Leo, como todos los días, hasta la extenuada fatiga del anciano lector, que es fácil que se duerma sobre el libro y retorne a otra época, cuando, como a mí me ocurre, vuelvo con frecuencia a mi Colegio Mayor, donde soy incapaz de encontrar la habitación que ahora me han asignado y la mayoría de los colegiales son desconocidos. No encuentro a mis amigos y paf, me despierto y recupero la información del libro o del periódico, a veces una revista de esas que ahora acoplan, los días de fiesta, a la prensa diaria, no sé si para hacerla más atractiva. Lo cierto es que hoy leo que cuando se pregunta, por lo general, quien responde “odia” la Navidad, no necesariamente como misterio católico, sino como sucesión de fiestas que casi nadie duda en calificar de comerciales, consumistas e hipócritas. Bueno, pues he aquí la excepción: yo. Yo adoro la Navidad, tanto en lo que tiene de misterio católico, paso inicial de una redención maravillosamente inexplicable, sino incluso por lo que tiene de comercial, consumista y sucesión de fiestas durante que todos hacemos evidentes esfuerzos porque los que nos rodean lo pasen bien. Y encima nos regalan cosas, no importa si pequeñas, grandes, útiles o no, valiosas o simple y sencillamente expresivas. Y tenemos ocasión de regalar y ganarnos por lo menos la ficción de una sonrisa. Es importante, a mi juicio, sonreír aunque sea de mentira, aunque sea la ficción de una sonrisa, hecha de buena fe, para agradar al interlocutor.

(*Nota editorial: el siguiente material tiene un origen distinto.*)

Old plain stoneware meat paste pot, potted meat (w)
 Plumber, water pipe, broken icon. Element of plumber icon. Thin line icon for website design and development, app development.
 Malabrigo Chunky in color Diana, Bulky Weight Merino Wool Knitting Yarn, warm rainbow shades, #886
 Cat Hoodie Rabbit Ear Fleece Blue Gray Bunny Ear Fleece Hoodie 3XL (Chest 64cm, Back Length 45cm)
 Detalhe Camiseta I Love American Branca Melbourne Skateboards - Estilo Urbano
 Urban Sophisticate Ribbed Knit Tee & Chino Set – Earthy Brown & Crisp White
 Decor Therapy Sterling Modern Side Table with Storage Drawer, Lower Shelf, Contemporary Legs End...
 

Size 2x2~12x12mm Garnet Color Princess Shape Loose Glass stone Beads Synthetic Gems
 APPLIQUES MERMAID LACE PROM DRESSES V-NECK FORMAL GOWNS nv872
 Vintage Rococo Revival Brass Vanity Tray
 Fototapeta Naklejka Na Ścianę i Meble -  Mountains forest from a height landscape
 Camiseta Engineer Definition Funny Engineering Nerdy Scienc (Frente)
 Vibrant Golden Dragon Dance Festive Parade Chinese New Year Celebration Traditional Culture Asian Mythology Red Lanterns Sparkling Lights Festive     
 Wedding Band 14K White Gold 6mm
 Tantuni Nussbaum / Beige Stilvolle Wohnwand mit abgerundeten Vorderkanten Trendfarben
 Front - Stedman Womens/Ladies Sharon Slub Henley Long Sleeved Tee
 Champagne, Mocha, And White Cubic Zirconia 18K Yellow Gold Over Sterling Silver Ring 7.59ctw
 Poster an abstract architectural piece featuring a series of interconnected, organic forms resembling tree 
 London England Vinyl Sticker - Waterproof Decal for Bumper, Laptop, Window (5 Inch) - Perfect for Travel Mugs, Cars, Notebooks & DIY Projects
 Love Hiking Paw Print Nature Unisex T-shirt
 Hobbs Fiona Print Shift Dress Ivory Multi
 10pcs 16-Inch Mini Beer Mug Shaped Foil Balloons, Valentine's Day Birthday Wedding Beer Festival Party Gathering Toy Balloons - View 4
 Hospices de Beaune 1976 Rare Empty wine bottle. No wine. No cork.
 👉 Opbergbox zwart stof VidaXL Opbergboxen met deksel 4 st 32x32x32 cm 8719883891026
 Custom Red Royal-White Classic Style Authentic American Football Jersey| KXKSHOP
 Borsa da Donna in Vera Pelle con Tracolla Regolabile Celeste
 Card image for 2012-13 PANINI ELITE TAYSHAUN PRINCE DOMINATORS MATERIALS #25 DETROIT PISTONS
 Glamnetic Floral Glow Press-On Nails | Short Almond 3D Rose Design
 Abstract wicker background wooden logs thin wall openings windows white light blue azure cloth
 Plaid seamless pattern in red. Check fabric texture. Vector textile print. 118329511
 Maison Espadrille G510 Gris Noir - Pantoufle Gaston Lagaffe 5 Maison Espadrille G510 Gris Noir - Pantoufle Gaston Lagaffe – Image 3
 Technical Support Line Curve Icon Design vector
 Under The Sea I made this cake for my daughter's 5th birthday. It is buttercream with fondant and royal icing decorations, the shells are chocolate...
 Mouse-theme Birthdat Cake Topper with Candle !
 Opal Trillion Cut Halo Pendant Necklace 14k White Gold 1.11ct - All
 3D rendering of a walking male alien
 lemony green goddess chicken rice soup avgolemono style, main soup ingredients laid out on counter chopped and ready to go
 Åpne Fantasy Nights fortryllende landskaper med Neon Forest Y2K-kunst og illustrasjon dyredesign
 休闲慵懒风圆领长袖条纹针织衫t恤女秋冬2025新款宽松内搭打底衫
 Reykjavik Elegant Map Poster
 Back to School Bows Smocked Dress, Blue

Ya está dicho. Y añado que para mí, la culminación de la Navidad, esas cenas hogareñas, esas comidas alrededor de las viejas mesas hogareñas, sentados muchos donde siempre y los nuevos donde otros estuvieron, me resulta casi insoportablemente emocionante por lo que tiene de recuento y homenaje de los que ya van no estando y el esfuerzo que hay que hacer para que los nuevos inicien su colección de recuerdos, que sin duda conservarán cuando no estemos nosotros, “los más viejos del lugar” actuales.
Tiene mucho de snobismo petulante el desprecio por lo que ilusiona, les parece a ellos, sólo a la gente sencilla, que, por serlo, es también un poco simple. ¡Quién pudiera retornar a la simpleza! Te has pasado la vida leyendo, explorando, rebuscando y eso te hace, de modo inconsciente, más escéptico. Sabes, ¡mira tú qué merito!, que las glorias, las alegrías, los buenos momentos no son más que un soplo. Pero eso, sin embargo, nos ayuda a disfrutar más y mejor, de la efímera exquisitez, que es siempre como un asomo de olor, un regusto que dura un hermoso momento, que podría ser reflejo, anticipo, destello de eternidad y luz.